■ TASK INSTRUCTIONS
Filter this material down to the lines that contain the string "động", and return those lines.

■ DATA TO PROCESS
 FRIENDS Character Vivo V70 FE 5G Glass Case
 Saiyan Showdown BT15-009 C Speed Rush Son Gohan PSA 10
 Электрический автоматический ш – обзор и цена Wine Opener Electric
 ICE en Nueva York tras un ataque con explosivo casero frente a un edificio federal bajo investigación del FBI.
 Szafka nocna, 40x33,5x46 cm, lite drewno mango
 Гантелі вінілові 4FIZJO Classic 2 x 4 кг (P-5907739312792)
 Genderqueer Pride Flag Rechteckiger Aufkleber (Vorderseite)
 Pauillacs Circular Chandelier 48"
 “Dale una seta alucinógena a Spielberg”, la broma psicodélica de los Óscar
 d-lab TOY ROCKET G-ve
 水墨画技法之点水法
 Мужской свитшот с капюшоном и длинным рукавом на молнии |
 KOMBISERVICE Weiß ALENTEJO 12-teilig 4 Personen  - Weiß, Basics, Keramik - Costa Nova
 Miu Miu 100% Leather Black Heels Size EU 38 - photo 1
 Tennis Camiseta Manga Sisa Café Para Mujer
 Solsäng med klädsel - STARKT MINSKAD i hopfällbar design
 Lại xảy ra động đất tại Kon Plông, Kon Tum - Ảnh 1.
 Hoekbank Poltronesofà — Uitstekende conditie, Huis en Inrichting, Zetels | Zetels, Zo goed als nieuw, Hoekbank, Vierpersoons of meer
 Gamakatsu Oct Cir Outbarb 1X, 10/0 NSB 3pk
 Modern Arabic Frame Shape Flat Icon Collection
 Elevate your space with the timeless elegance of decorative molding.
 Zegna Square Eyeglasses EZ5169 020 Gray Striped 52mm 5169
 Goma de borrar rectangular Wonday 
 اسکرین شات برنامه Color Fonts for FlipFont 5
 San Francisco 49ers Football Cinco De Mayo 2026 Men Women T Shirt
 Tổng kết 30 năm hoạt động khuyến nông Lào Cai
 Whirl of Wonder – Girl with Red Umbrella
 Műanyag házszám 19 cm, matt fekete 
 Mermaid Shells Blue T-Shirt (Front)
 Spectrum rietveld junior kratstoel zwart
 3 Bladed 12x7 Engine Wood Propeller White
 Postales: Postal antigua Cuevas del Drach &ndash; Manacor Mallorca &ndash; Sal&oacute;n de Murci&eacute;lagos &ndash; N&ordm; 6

■ TASK SOLUTION
 Lại xảy ra động đất tại Kon Plông, Kon Tum - Ảnh 1.
 Tổng kết 30 năm hoạt động khuyến nông Lào Cai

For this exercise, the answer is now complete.